The dissociation constant (Kd) and maximum binding (Bmax) values were determined from the Scatchard plot ("Annals of the New York Academy of Science"). (USA), 1949, vol. 51, p.660). Non-specific binding was determined as binding in the presence of unlabeled PGE ₂ in excess (2.5 [mu] M). The ³ H-PGE ₂ binding inhibitory action of the compound of the present invention was measured by adding 2.5 nM of ³ H-PGE ₂ and the compound of the present invention.
The inhibition constant Ki (nM) for each compound was determined by the following formula:
Ki = IC ₅₀ / (1 + ([C] / Kd))
In the formula, [C] represents the ³ H-PGE ₂ concentration used in the reaction system.
The results are shown in Table 2 below.

(3) Action of the compound on acetic acid-induced frequent urination rats The anti- frequent urination action of the compound was examined using a disease state model. It is known that intravesical treatment of acetic acid in rats causes damage to the bladder mucosa and activates nociceptive afferent nerves ("The Journal of Neuroscience", (USA) ) December 1992, Vol. 12, No. 12, p.4878-89). Since frequent urination is induced by intravesical treatment with acetic acid, it is possible to evaluate the efficacy of these symptoms.
Wistar male rats (Charles River) having a body weight of 200 to 450 g were used for the experiment. Under anesthesia with pentobarbital (50 mg / kg, ip), a midline incision was made in the abdomen to expose the bladder, and residual urine in the bladder was removed with a syringe equipped with a 27G needle. Thereafter, 0.5-0.7 mL of 1% acetic acid solution was injected into the bladder and closed. The experiment was conducted two days later. Rats were placed in a metabolic cage and acclimated for 1 hour, then the test drug was administered, and urine weight change was continuously measured for 6 hours immediately after that. The effective bladder capacity was calculated by dividing the total urination volume by the total number of urinations. As a result, the effective bladder capacity decreased in the acetic acid intravesical treatment group compared with the sham operation group, and a frequent urination state was exhibited. On the other hand, the compound of the present invention improved the frequent urination state well.
From the results of the above tests (1) to (3), it was confirmed that the compound of the present invention has a strong EP1 receptor antagonistic action and that the frequent urination state is satisfactorily improved in animal experiments.
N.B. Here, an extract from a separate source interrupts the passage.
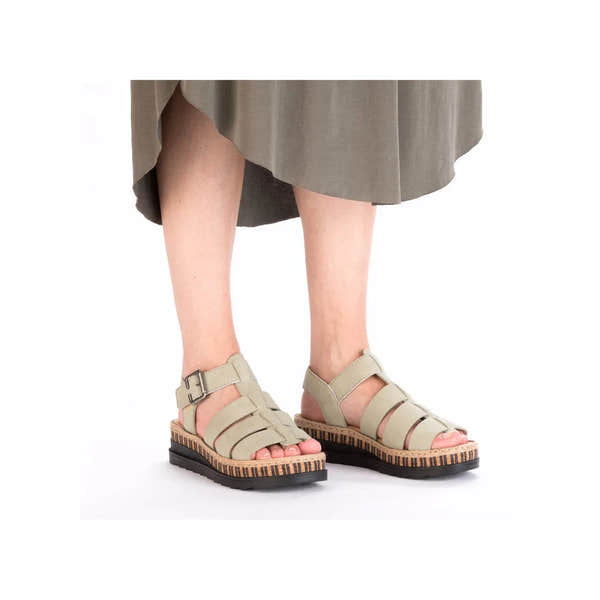 Rieker V7904-52 women's green leather touch fastening sandals with chunky sole and strappy design.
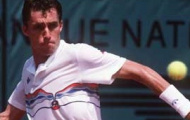 Video: Pha đánh bóng thẳng vào mặt đối thủ của Ivan Lendl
A preparation containing one or more of the compounds of the present invention or a salt thereof as an active ingredient is usually prepared using carriers, excipients, and other additives used for formulation.
Administration is oral by tablets, pills, capsules, granules, powders, liquids, etc., or parenteral by injections such as intravenous injections, intramuscular injections, suppositories, transdermal agents, nasal agents or inhalants. Either form may be sufficient. The dosage is appropriately determined according to the individual case, taking into account the symptoms, age of the subject, sex, etc. In general, in the case of oral administration, it is about 0.001 mg / kg to 100 mg / kg per day for an adult. This is administered once, or divided into 2 to 4 times. In addition, when administered intravenously, it is usually administered once or multiple times per day in the range of 0.0001 mg / kg to 10 mg / kg per adult. In the case of nasal administration, it is usually administered once or multiple times in a range of 0.0001 mg / kg to 10 mg / kg per adult. In the case of inhalation, it is usually administered once or several times a day in the range of 0.0001 mg / kg to 1 mg / kg per adult.

  As the solid composition for oral administration according to the present invention, tablets, powders, granules and the like are used. In such solid compositions, one or more active substances are present in at least one inert excipient such as lactose, mannitol, glucose, hydroxypropylcellulose, microcrystalline cellulose, starch, polyvinylpyrrolidone, metasilicate. Mixed with magnesium aluminate acid. The composition may contain an inert additive, for example, a lubricant such as magnesium stearate, a disintegrant such as sodium carboxymethyl starch, and a solubilizing agent according to a conventional method. If necessary, tablets or pills may be coated with sugar coating or gastric or enteric coating agent.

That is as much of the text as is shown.